The 500 page report, "Wartime Economy and Labour Deployment by Auto Union AG Chemnitz during World War II", was authored by Martin Kukowski, who heads Audi's own history department and Rudolf Boch, a University of Chemnitz historian, and published by Franz Steiner Verlag. The authors conclude that, "There can be no discussion about the closeness of Auto Union to [the Nazis]." Auto Union was "firmly ensnared in the National Socialist regime". Bruhn was not the only Auto Union executive who was an enthusiastic Nazi. In early 1945, company managers were organizing plans to evacuate themselves to escape advancing Allied forces as they continued to use slave labor in their still operating factories.

Click here to view the embedded video.

Auto Union was created in Chemnitz, Germany in 1932 under the direction of Bruhn from the merger of four German automakers, Horch, Audi, DKW and Wanderer. Those four founding firms are symbolized by the four rings in Audi's logo.

Auto Union was one of the companies that made the SDK FZ-11 half-track.

Auto Union was one of the companies that made the SdK FZ-11 half-track.

During the war Auto Union made military vehicles for the German war effort and was "ensnared to a scandalous degree in the complex of concentration camps," according to Kukowski and Boch. At the end of the war, Bruhn was interned by the British occupation forces along with other German industrialists who helped the Nazis. Upon his release, in 1949 he started to get Auto Union going again. Bruhn, who died in 1964, revived the business group in Ingolstadt with funding provided by the United States' Marshall Plan and started making DKWs. In the late 1950s, Daimler-Benz bought the company, eventually selling its shares to Volkswagen starting in the mid 1960s. After some corporate restructuring, in 1985 the Auto Union name was discontinued and VW renamed it Audi.

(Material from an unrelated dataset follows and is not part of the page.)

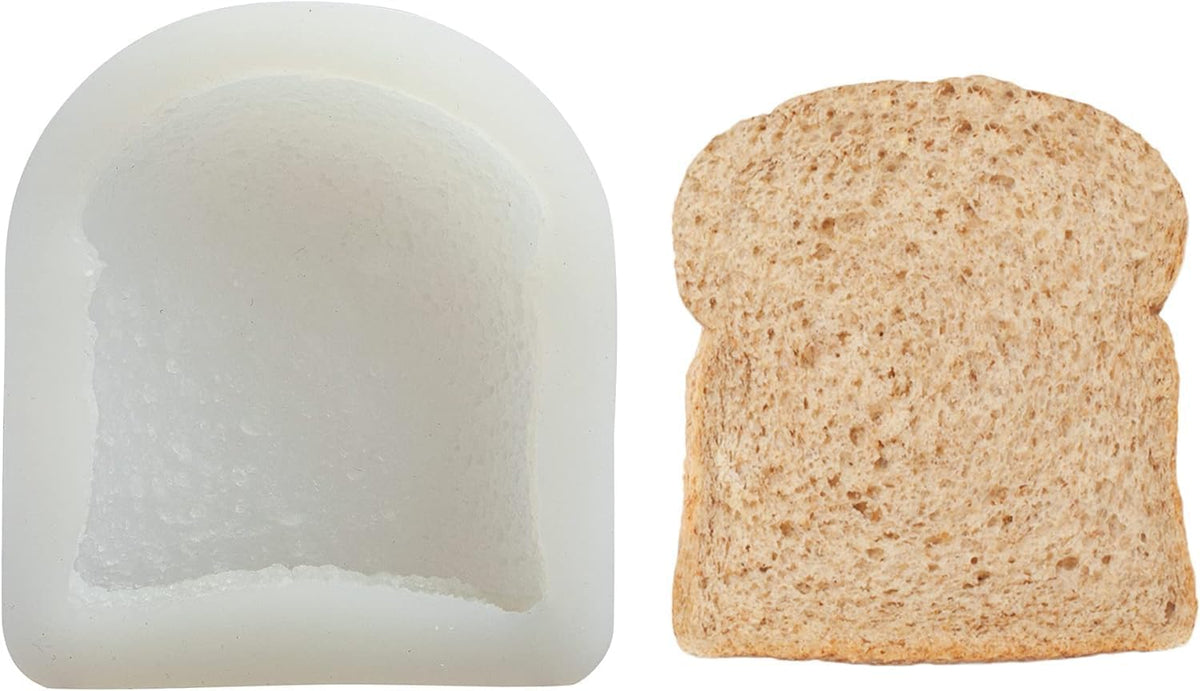 RKPM HOMES Mini Toast Bread Candle Mold I 3D Square Sliced Bread Silicone Epoxy Mould I for DIY Handmade Ornament Chocolate, Cake Décor, Aromatherapy, Soap, Resin Art Craft Making, Home Decoration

The authors determined that the Nazi SS built and operated seven forced labor camps specifically for Auto Union. Those camps enslaved over 3,700 prisoners, a quarter of them of Jewish descent.

Another 16,500 people were forced to work for Auto Union in the company's factories in Zwickau and Chemnitz, in Saxony. Perhaps the strongest and most shocking charge against Auto Union and Bruhn is the authors' claim  that Auto Union management carried "moral responsibility" for the deaths of 4,500 inmates at the Flossenbürg concentration camp in Bavaria. They died while slaving for Auto Union at a forced labor camp in nearby Leitmeritz, the study said.

Conditions in the Zwickau concentration camp where many Auto Union workers were held, were "devastating" according to the historians. Prisoners lived in unheated barracks. The authors discovered that when workers at the Zwickau factory became disabled, they were shipped to the Flossenburg concentration camp where they were executed. Near the end of the war, nearly 700 Zwickau inmates were put on a forced march to Karlovy Vary in what is now the Czech Republic and barely half of them survived the death march.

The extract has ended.